[Data excerpts]
########

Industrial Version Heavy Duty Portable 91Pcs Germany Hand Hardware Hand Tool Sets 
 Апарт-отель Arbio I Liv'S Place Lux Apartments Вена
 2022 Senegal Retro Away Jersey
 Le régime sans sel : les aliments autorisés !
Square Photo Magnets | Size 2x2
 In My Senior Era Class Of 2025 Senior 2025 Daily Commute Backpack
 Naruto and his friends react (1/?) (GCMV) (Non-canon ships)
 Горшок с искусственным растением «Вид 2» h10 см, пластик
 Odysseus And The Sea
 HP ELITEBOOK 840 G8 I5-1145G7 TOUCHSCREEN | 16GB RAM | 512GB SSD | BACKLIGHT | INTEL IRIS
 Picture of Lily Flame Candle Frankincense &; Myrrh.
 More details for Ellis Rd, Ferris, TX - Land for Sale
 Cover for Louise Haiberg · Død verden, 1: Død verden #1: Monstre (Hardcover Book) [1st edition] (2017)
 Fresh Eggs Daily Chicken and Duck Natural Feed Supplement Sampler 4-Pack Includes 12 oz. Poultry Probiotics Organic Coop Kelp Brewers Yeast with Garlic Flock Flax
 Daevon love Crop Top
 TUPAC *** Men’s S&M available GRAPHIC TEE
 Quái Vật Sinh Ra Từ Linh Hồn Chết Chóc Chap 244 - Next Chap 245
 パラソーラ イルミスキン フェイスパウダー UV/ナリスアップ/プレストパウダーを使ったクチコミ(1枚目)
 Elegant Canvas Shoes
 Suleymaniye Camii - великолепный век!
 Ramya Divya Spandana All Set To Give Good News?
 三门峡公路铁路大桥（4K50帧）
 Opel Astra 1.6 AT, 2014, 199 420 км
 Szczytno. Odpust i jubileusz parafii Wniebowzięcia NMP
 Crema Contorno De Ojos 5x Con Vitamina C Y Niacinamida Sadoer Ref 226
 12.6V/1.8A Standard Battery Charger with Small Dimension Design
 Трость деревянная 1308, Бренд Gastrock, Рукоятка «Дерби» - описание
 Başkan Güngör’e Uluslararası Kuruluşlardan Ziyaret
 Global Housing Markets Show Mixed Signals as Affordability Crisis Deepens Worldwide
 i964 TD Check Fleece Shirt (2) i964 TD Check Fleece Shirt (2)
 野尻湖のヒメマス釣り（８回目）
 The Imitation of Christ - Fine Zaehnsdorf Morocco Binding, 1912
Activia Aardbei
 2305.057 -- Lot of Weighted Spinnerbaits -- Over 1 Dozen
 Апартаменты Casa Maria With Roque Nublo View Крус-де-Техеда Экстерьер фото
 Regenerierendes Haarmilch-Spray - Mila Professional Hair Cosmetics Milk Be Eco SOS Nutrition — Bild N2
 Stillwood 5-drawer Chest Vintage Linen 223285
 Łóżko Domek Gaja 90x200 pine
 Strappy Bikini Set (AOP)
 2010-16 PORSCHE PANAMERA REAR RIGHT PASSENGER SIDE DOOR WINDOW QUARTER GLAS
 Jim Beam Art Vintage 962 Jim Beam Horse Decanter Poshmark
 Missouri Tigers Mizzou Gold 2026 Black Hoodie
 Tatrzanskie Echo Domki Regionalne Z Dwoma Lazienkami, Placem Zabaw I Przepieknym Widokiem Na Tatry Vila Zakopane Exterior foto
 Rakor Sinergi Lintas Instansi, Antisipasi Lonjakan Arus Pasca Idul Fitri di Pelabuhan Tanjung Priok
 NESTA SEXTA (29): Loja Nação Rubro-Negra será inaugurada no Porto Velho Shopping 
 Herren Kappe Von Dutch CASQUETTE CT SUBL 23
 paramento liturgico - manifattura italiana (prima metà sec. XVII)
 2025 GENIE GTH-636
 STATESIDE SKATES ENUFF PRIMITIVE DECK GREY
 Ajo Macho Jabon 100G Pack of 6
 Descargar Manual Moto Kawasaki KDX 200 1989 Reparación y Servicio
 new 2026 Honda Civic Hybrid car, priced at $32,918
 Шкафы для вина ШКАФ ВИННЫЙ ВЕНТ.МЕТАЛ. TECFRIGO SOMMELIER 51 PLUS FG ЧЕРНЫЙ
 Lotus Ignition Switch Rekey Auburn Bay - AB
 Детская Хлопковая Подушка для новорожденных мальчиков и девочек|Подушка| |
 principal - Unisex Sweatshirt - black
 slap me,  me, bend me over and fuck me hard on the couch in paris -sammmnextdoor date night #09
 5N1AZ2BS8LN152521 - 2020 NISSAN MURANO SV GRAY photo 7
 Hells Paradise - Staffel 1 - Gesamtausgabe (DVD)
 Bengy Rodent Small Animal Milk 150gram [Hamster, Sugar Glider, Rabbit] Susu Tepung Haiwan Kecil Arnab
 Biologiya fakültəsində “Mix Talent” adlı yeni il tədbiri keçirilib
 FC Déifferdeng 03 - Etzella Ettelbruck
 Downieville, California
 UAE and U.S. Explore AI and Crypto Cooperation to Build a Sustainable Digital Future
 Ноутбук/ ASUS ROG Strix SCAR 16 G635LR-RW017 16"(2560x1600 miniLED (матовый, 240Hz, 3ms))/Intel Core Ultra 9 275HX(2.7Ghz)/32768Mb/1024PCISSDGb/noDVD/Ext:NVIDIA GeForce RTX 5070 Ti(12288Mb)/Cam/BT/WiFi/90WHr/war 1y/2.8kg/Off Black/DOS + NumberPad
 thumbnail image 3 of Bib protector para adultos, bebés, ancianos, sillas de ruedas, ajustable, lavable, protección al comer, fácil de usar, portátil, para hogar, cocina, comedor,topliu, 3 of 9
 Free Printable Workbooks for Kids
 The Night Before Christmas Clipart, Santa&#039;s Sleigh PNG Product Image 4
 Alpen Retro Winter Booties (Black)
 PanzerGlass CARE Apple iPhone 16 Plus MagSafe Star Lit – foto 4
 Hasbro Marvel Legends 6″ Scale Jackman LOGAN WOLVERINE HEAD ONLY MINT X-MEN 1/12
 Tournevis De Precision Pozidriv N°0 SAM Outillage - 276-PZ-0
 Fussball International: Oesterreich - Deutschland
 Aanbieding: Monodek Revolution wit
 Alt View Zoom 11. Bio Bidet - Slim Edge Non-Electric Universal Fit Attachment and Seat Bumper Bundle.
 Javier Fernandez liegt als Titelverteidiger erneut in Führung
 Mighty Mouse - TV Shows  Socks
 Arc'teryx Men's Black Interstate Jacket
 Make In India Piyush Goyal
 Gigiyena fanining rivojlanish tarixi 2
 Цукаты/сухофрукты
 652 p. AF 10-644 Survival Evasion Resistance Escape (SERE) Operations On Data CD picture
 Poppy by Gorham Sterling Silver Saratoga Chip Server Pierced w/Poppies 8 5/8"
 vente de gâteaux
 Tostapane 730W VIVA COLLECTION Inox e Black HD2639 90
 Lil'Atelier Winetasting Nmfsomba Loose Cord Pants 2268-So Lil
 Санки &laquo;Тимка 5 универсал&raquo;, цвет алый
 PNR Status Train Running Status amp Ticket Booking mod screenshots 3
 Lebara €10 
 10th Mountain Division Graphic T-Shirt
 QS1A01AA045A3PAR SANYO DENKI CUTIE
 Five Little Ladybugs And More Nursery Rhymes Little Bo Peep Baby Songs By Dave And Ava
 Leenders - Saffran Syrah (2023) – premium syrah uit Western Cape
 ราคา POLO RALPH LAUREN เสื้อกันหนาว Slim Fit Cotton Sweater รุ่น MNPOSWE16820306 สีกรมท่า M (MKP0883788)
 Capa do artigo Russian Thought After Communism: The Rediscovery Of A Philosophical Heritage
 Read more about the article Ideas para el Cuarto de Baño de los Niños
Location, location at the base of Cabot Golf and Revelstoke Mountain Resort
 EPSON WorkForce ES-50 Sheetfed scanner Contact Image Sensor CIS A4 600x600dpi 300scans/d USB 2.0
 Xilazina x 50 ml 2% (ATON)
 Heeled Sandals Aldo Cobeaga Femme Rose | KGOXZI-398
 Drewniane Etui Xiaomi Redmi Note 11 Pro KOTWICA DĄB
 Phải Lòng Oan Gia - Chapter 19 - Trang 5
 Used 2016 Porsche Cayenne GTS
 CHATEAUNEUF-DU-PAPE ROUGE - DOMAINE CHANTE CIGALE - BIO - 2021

########

**GOAL OF THE EXERCISE:** Copy each line above that contains the word "Mountain".

**RESPONSE AREA:**
 10th Mountain Division Graphic T-Shirt
Location, location at the base of Cabot Golf and Revelstoke Mountain Resort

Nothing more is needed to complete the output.